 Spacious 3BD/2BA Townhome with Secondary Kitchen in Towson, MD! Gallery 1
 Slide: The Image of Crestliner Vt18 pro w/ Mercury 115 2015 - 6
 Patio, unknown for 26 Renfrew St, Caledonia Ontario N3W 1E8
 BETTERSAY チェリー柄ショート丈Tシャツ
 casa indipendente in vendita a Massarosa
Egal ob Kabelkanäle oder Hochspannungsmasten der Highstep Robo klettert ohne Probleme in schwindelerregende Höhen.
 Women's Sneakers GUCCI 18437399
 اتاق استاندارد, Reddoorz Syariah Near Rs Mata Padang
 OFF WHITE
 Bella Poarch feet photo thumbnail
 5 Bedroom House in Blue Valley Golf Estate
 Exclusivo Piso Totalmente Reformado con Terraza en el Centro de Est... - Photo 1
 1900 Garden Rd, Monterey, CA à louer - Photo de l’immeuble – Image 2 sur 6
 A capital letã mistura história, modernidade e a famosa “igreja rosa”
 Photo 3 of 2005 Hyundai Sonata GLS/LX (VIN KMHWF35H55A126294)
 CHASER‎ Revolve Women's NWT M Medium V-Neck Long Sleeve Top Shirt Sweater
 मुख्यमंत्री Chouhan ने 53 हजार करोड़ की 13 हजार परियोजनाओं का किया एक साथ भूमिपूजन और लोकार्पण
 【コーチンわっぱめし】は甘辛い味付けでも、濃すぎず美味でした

──────────────────────────────

◆ ACTIVITY
Could the data above be set down exactly, in full?

◆ ANSWER SPACE
 Spacious 3BD/2BA Townhome with Secondary Kitchen in Towson, MD! Gallery 1
 Slide: The Image of Crestliner Vt18 pro w/ Mercury 115 2015 - 6
 Patio, unknown for 26 Renfrew St, Caledonia Ontario N3W 1E8
 BETTERSAY チェリー柄ショート丈Tシャツ
 casa indipendente in vendita a Massarosa
Egal ob Kabelkanäle oder Hochspannungsmasten der Highstep Robo klettert ohne Probleme in schwindelerregende Höhen.
 Women's Sneakers GUCCI 18437399
 اتاق استاندارد, Reddoorz Syariah Near Rs Mata Padang
 OFF WHITE
 Bella Poarch feet photo thumbnail
 5 Bedroom House in Blue Valley Golf Estate
 Exclusivo Piso Totalmente Reformado con Terraza en el Centro de Est... - Photo 1
 1900 Garden Rd, Monterey, CA à louer - Photo de l’immeuble – Image 2 sur 6
 A capital letã mistura história, modernidade e a famosa “igreja rosa”
 Photo 3 of 2005 Hyundai Sonata GLS/LX (VIN KMHWF35H55A126294)
 CHASER‎ Revolve Women's NWT M Medium V-Neck Long Sleeve Top Shirt Sweater
 मुख्यमंत्री Chouhan ने 53 हजार करोड़ की 13 हजार परियोजनाओं का किया एक साथ भूमिपूजन और लोकार्पण
 【コーチンわっぱめし】は甘辛い味付けでも、濃すぎず美味でした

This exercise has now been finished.